_Information supplied_
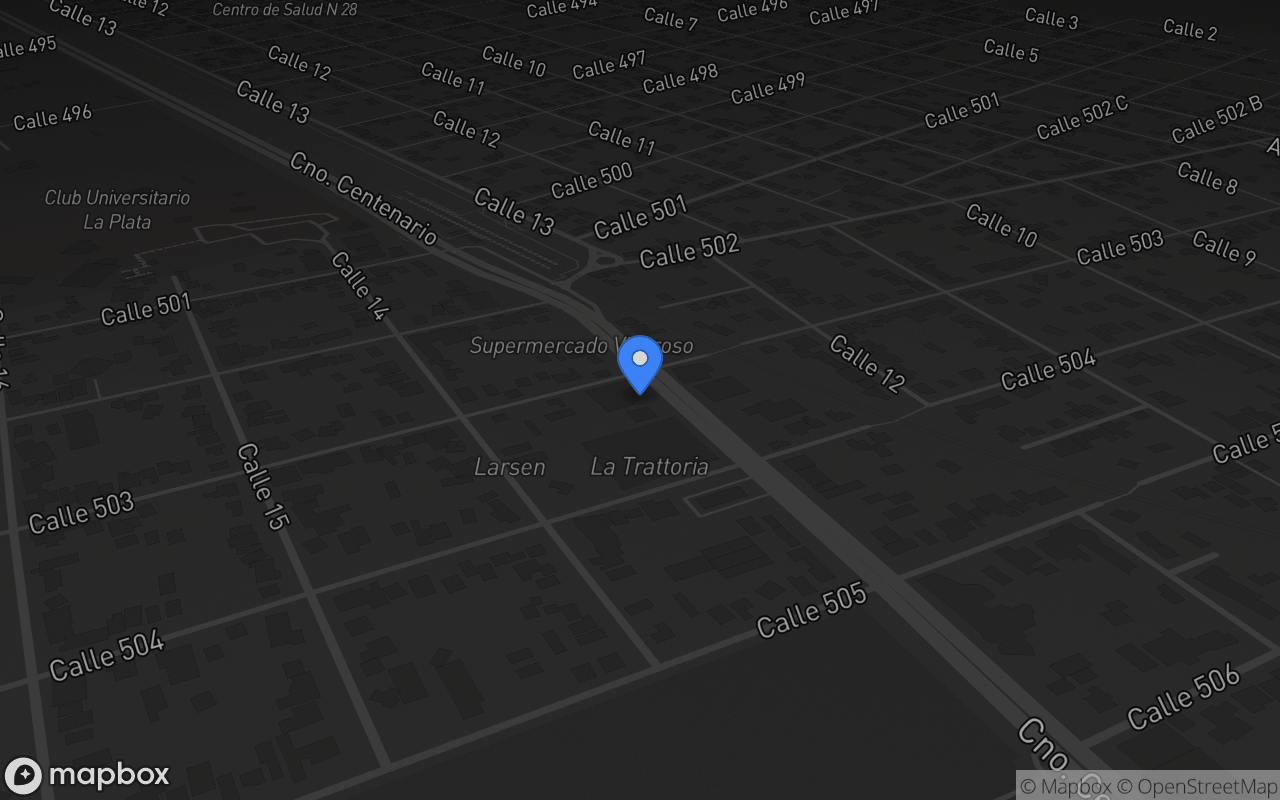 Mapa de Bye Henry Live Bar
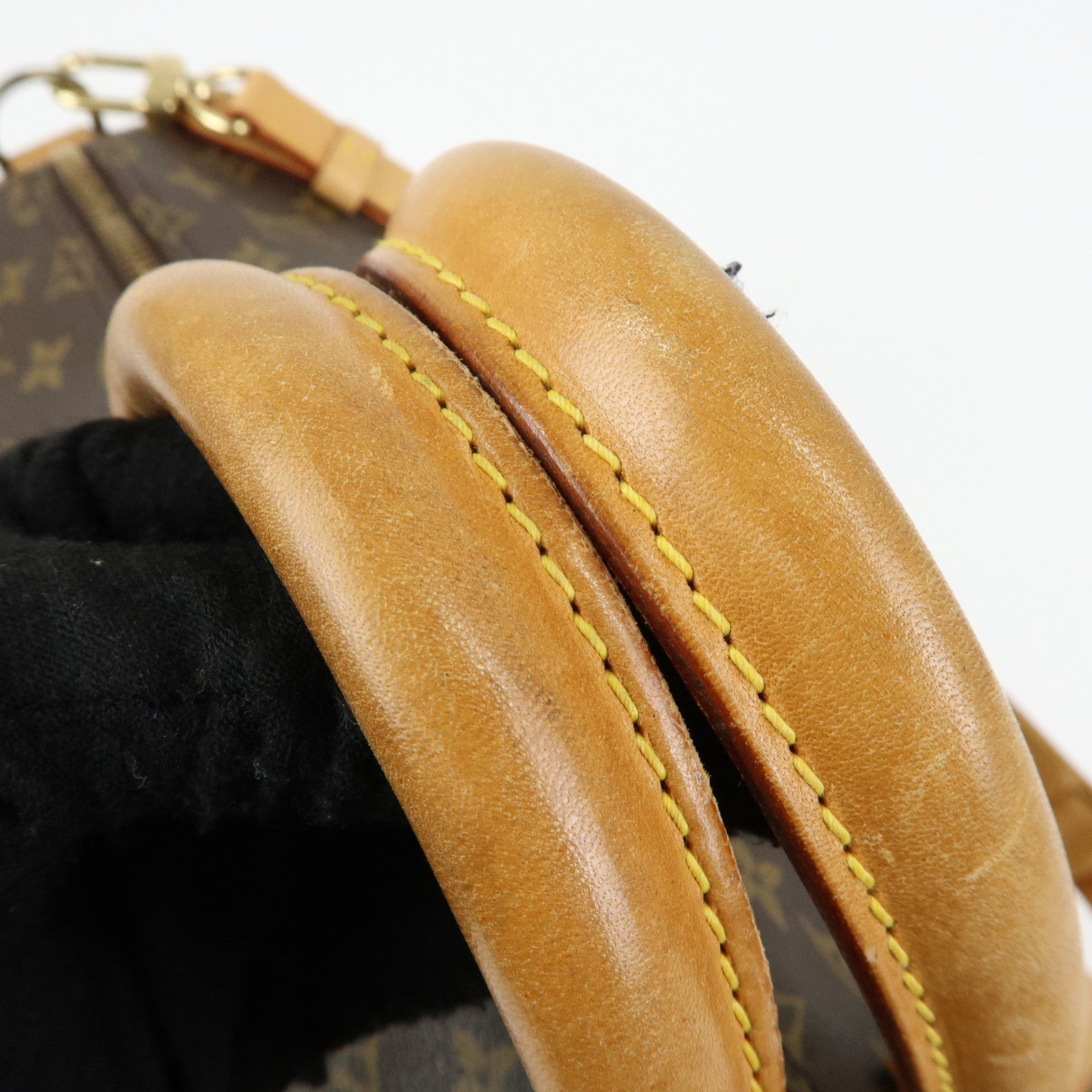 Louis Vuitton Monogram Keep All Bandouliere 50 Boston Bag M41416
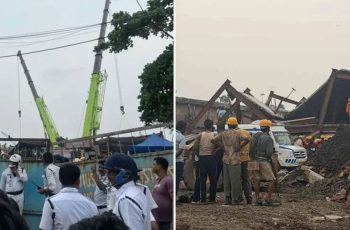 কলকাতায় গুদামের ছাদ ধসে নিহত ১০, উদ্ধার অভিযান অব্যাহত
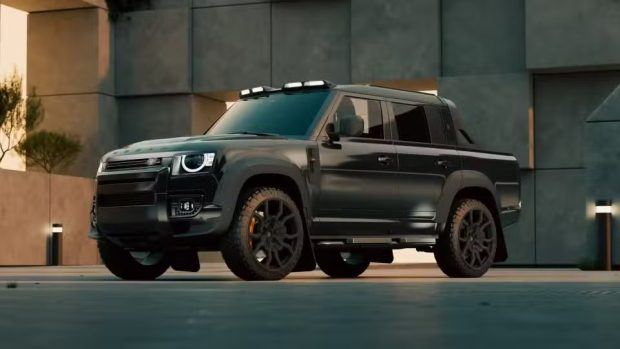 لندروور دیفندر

_Aim of the task_
Would you copy out all the data exactly, without the images?

_Exercise answer_
 Mapa de Bye Henry Live Bar
 Louis Vuitton Monogram Keep All Bandouliere 50 Boston Bag M41416
 কলকাতায় গুদামের ছাদ ধসে নিহত ১০, উদ্ধার অভিযান অব্যাহত
 لندروور دیفندر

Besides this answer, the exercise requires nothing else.